▽
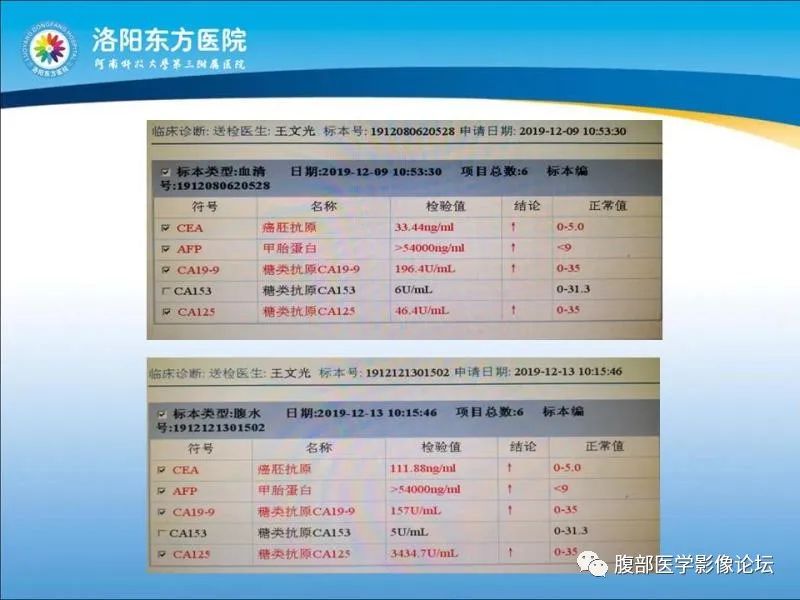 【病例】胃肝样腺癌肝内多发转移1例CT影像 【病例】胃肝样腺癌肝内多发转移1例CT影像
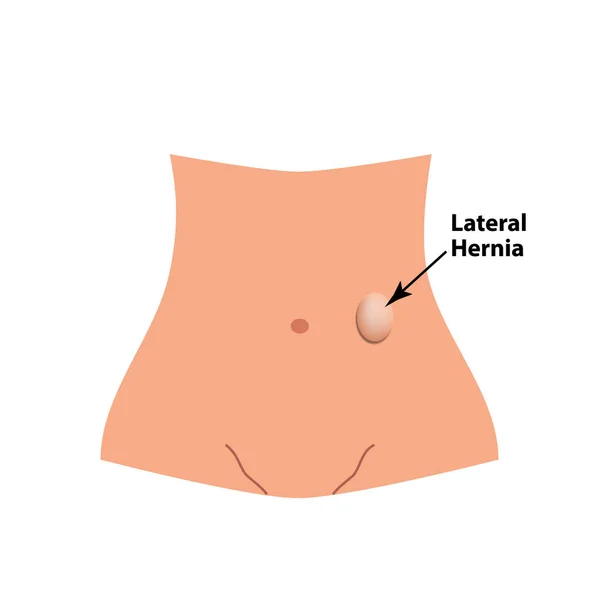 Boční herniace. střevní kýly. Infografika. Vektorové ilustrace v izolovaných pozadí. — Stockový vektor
△
▽
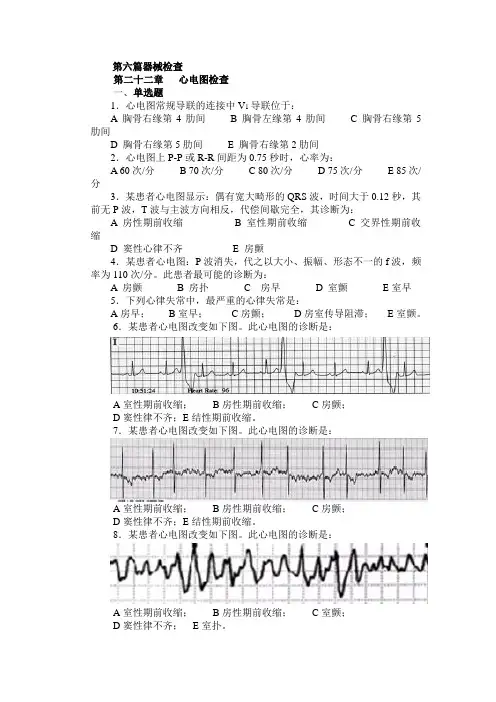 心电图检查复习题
△
▽
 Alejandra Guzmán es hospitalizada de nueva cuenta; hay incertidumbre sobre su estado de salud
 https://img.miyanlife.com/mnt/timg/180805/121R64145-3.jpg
△
In the entries above, find the line with "Alejandra Guzmán es" and the line with "https://img.miyanlife.com/mnt/timg/180805/121R64145-3.jpg", then set down exactly those two and every line between them, nothing else.

 Alejandra Guzmán es hospitalizada de nueva cuenta; hay incertidumbre sobre su estado de salud
 https://img.miyanlife.com/mnt/timg/180805/121R64145-3.jpg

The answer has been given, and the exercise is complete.